Halle-Attentäter: Rechtskräftiges Urteil nach Geiselnahme im Gefängnis!
Am 15.07.2025 wurde das Urteil gegen Halle-Attentäter Stephan B. wegen Geiselnahme rechtskräftig, nachdem er 2019 zwei Menschen ermordete.

Halle-Attentäter: Rechtskräftiges Urteil nach Geiselnahme im Gefängnis!
Die rechtlichen Auseinandersetzungen rund um Stephan B., den Attentäter von Halle, nehmen kein Ende. Heute, am 15.07.2025, wurde das Urteil des Landgerichts Stendal gegen ihn aufgrund einer Geiselnahme in der Justizvollzugsanstalt Burg endgültig rechtskräftig. Der Stern berichtet, dass der Bundesgerichtshof (BGH) sämtliche Revisionen von Stephan B. sowie der Staatsanwaltschaft verworfen hat. Damit bleibt die Strafe von sieben Jahren Haft wegen Geiselnahme bestehen, die bereits im Februar 2024 verhängt wurde.
Der Mann, der am 9. Oktober 2019 während des jüdischen Feiertags Jom Kippur in Halle zwei Menschen ermordete, hatte zuvor versucht, eine Synagoge zu stürmen. Sein Plan scheiterte jedoch an der gesicherten Eingangstür und technischen Problemen mit seinen Waffen. Im Anschluss erschoss er eine Passantin und einen jungen Mann in einem Dönerimbiss und verletzte zwei weitere Personen schwer. Bereits 2020 wurde er deshalb wegen zweifachen Mordes und zahlreicher Mordversuche zu lebenslanger Haft verurteilt. Diese Entscheidung hatte das Oberlandesgericht Naumburg mit der Feststellung besonderer Schuldschwere bekräftigt.
Geiselnahme im Gefängnis
Am 12. Dezember 2022 kam es dann zu einem weiteren Vorfall, als Stephan B. im Gefängnis von Burg mit einer selbstgebauten Waffe zwei Bedienstete als Geiseln nahm, um einen Fluchtversuch zu starten. Sein Plan wurde jedoch schnell vereitelt, als er von anderen Justizbeamten überwältigt wurde. Dabei wurde er selbst verletzt. Die Generalstaatsanwaltschaft Naumburg hatte daraufhin Anklage wegen Geiselnahme und Verstoßes gegen das Waffengesetz erhoben. Der ZDF gab an, dass während des Verfahrens, das unter besonderen Sicherheitsvorkehrungen stattfand, auch ein psychiatrischer Gutachter warnte, dass B. weiterhin als extremes Sicherheitsrisiko gilt.

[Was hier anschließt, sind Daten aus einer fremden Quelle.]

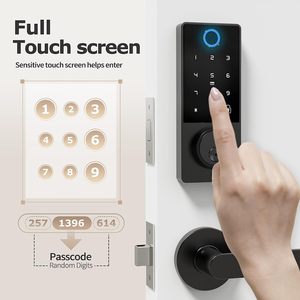 Filta New Password Card Key Tuya Bluetooth Unlock Door Smart Door Deadbolt Lock
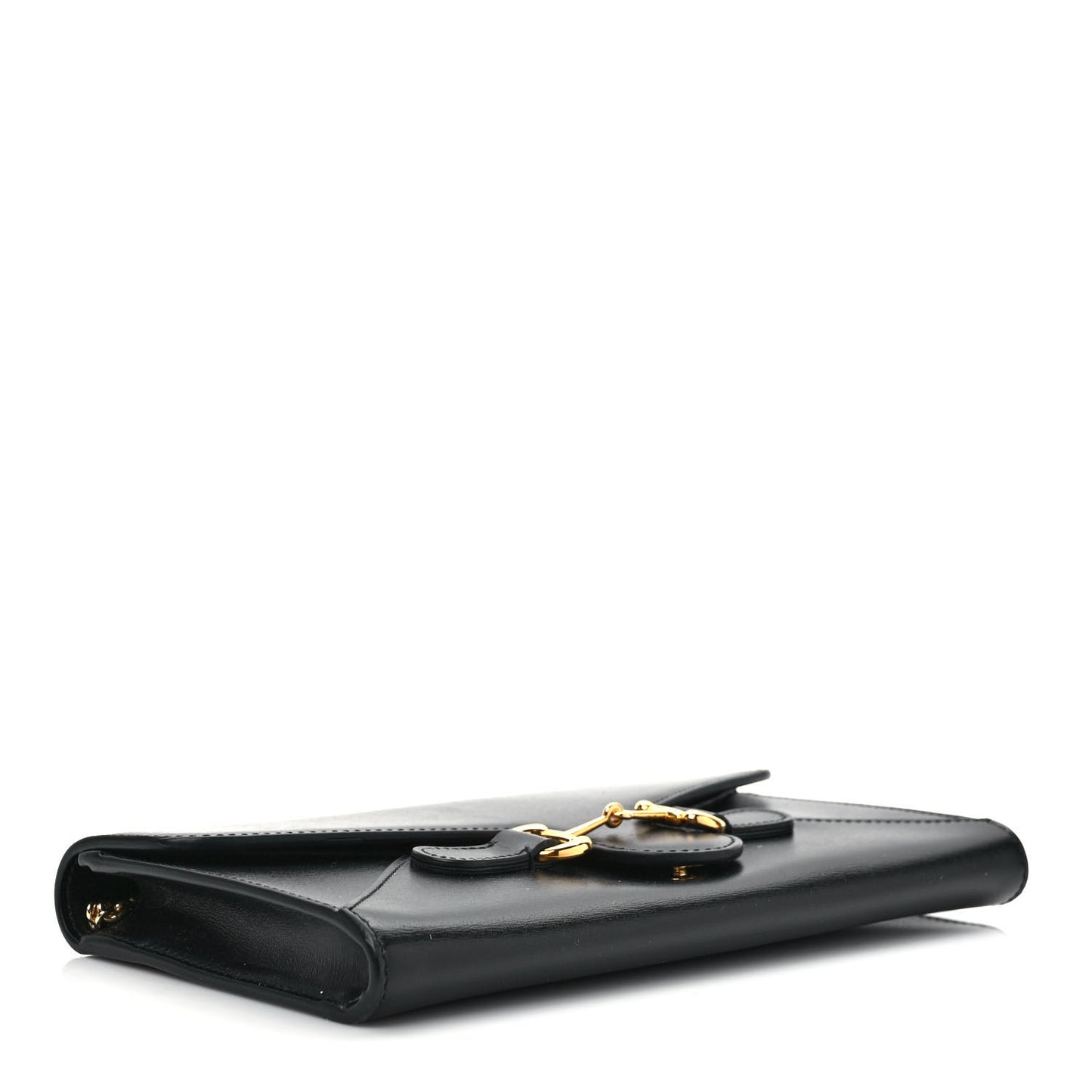 Textured Calfskin Horsebit 1955 Wrist Wallet Black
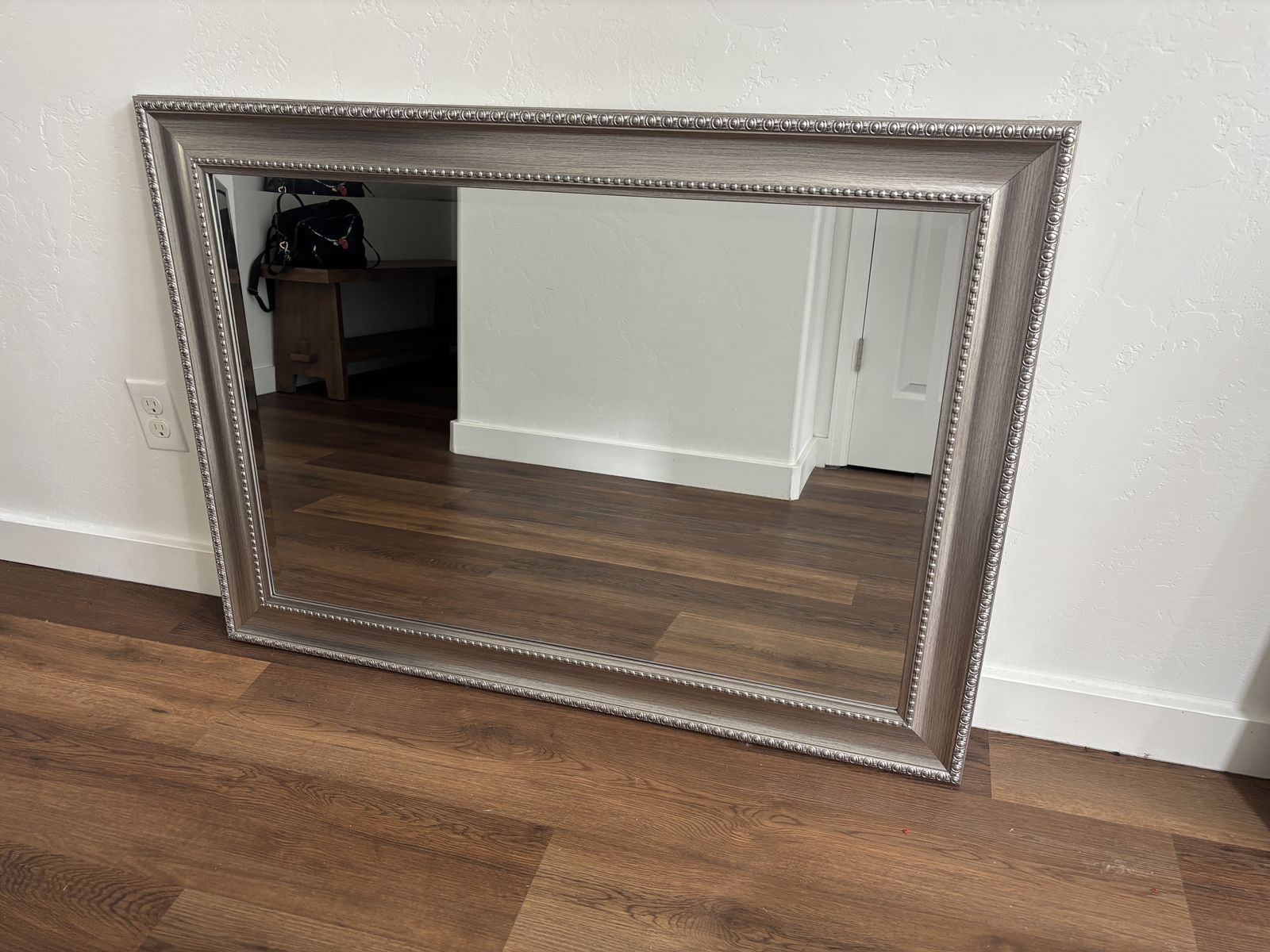 Anne Antique Mirror (Silver Frame) 29" x 35" x 1" - At Home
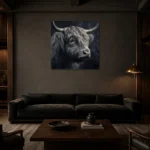 Premium Wall Art Kare Html Edition – ANIMALNW2165 shown in a warm modern interior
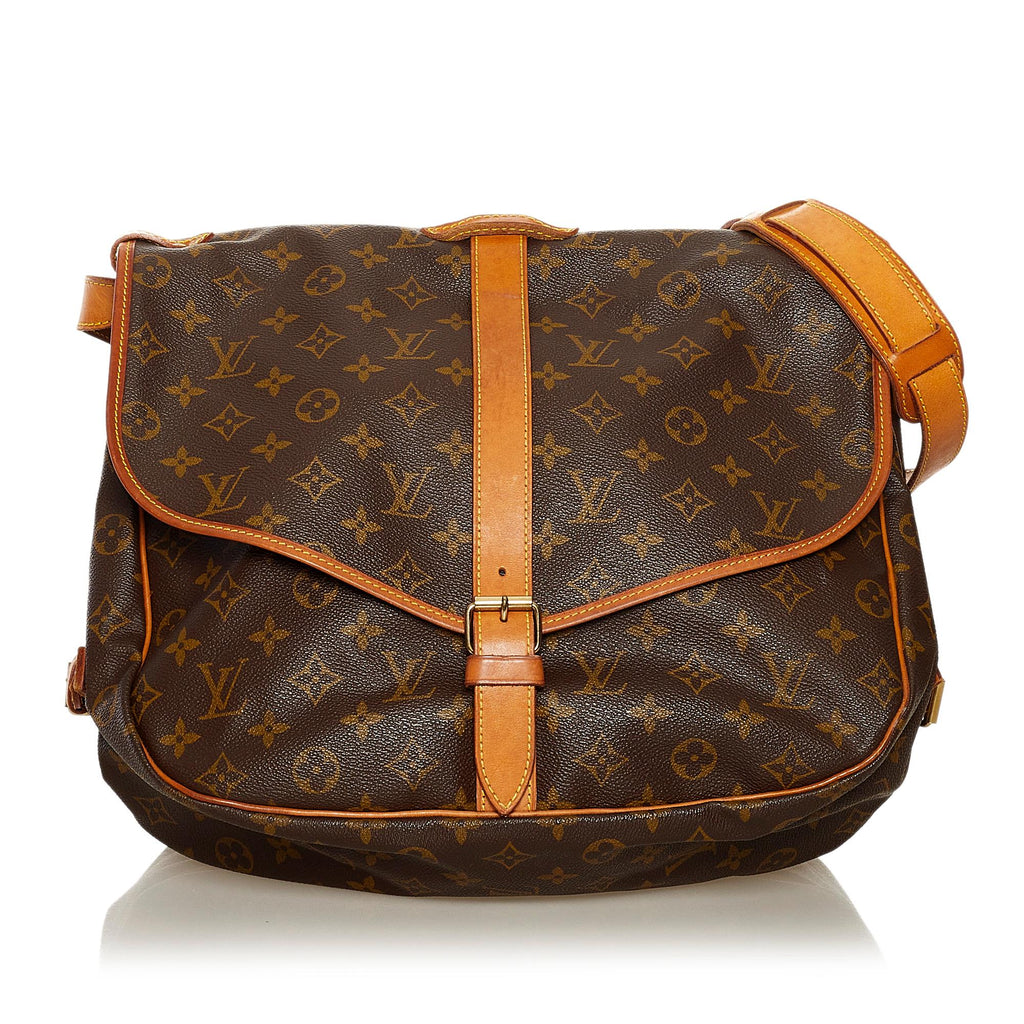 Louis Vuitton Monogram Saumur 35 (SHG-34595)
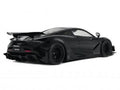 2023 McLaren 720S "LB-Works - Liberty Walk" Black 1/18 Model Car by GT Spirit
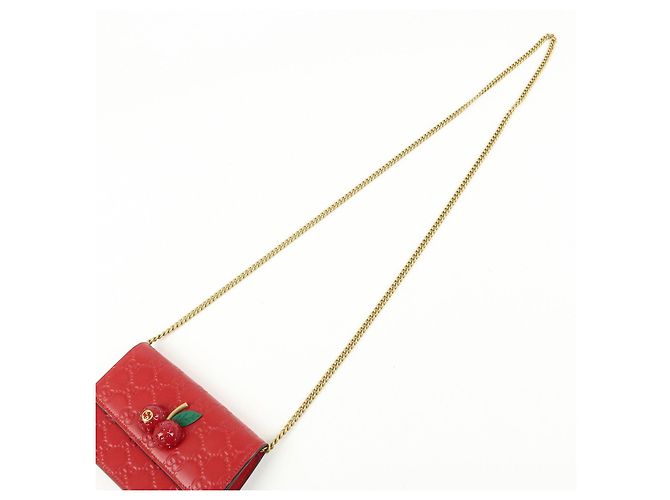 Borsa a tracolla GUCCI Interlocking G Guccissima Chain Cherry 481291 - vista 6
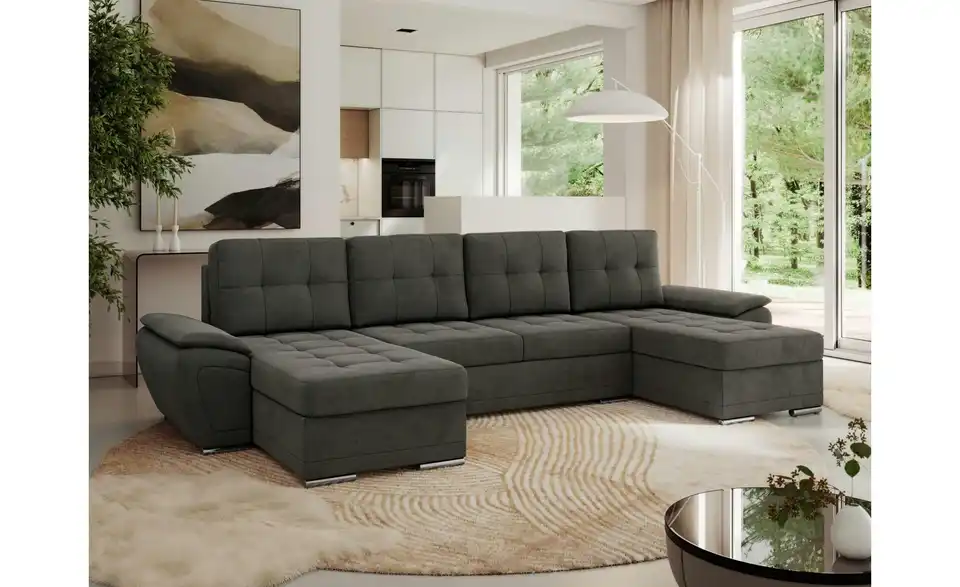 Wohnlandschaft Umbria mit Schlaffunktion, in Wohnsituation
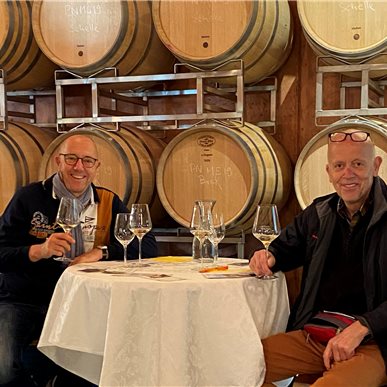 Zu Besuch bei "Saxer Weine & Aagne"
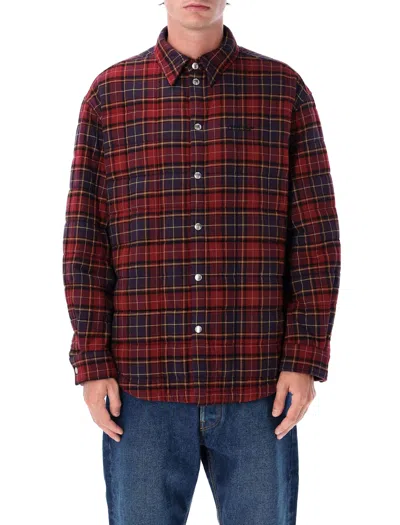 Off-white Overshirt With All-over Check Pattern In Multi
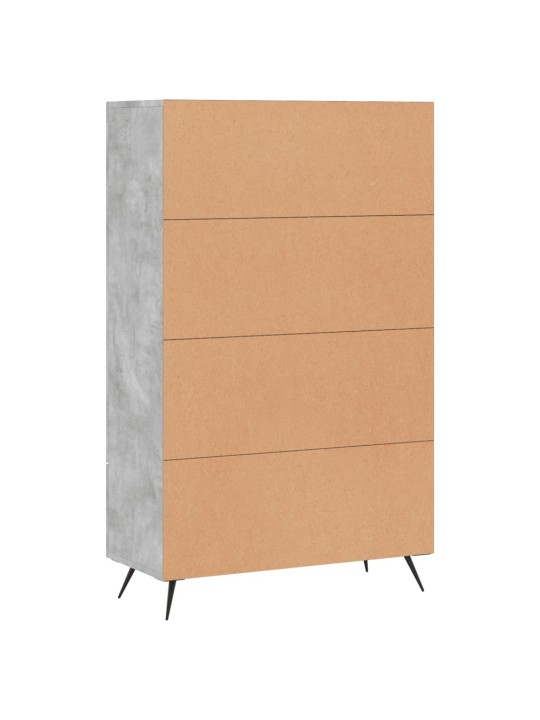 Skříň highboard betonově šedá 69,5x31x115 cm kompozitní dřevo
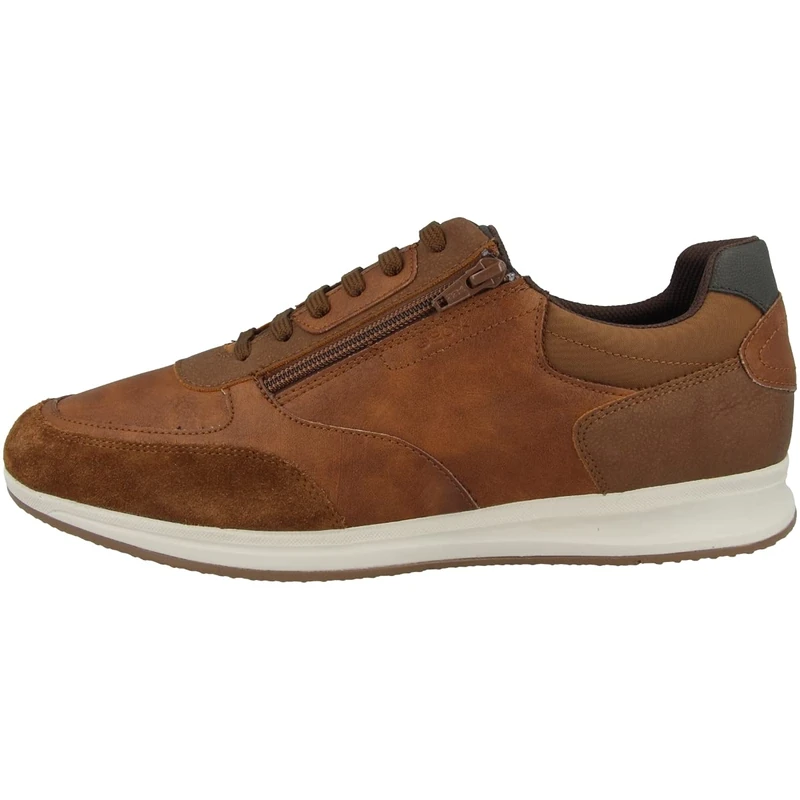 Geox Men's U Avery B Sneaker, Cognac, 7 UK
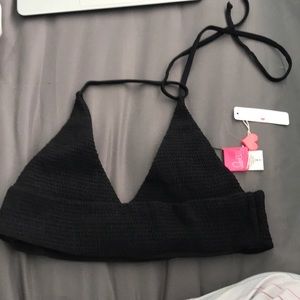 Black push-up lolli bathing suit top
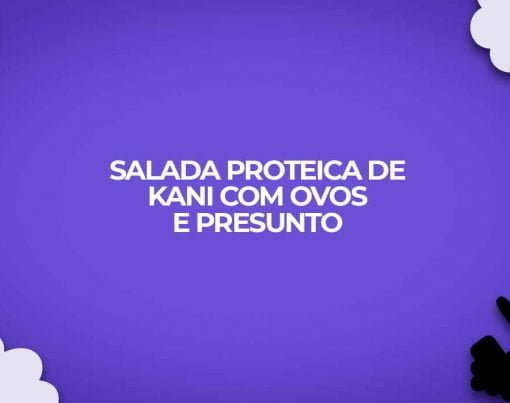 salada de kani com ovos e presunto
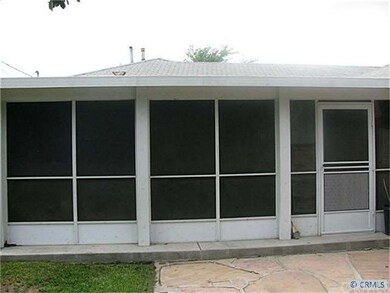Large enclosed patio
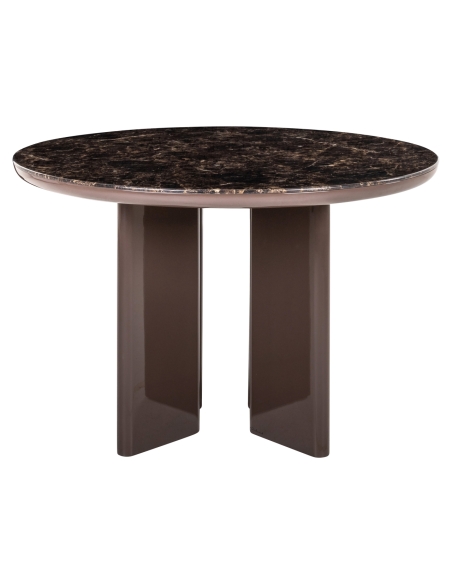 Round chocolate dining table ALMUNDI - Richmond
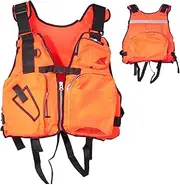 Paddle Board Life Vest - Life Vest Floatation Devices | Snorkel Vests for Adults | Floatation Devices with Reflective Strips Swim Vest | Fishing Vest, Fishing Floatation Jacket for Fishing, Swimming,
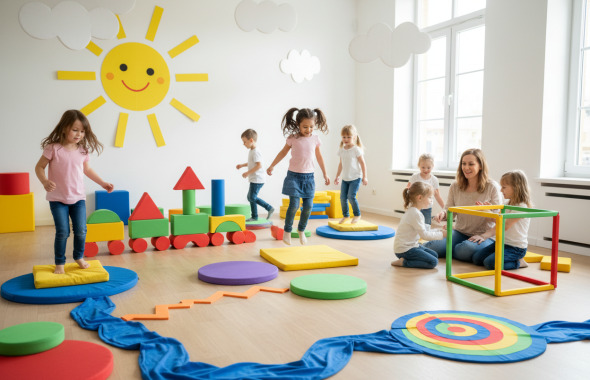 Geometrische Formen in Klasse 1 spielerisch verstehen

Stephan B. wird als nicht behandlungsfähig und nicht behandlungsbereit eingestuft und zeigt im Gefängnis wechselnde Verhaltensmuster, was eine hohe Unsicherheit mit sich bringt. Er schien oft in Phasen der Stille zu leben, die durch plötzliche Ausbrüche unterbrochen wurden. Trotz seiner extremen Sicherheitslage erhielt er einen Prozess, der von umfangreichen Maßnahmen zur Sicherheit der anwesenden Personen begleitet wurde.
Mit der rechtskräftigen Entscheidung kann sich die Justiz nun auf die Vollstreckung seiner Strafe konzentrieren. B. muss zudem an die beiden Geisel-Bediensteten Schmerzensgeld in Höhe von insgesamt 23.000 Euro zahlen, um deren Verdienstausfall auszugleichen und ihre erlittenen Schmerzen zu kompensieren. Das Urteil ist ein weiterer Schritt in der Aufarbeitung der tragischen Ereignisse rund um den Halle-Anschlag und die für die Gesellschaft als sehr belastend empfundenen Vorfälle im Gefängnis.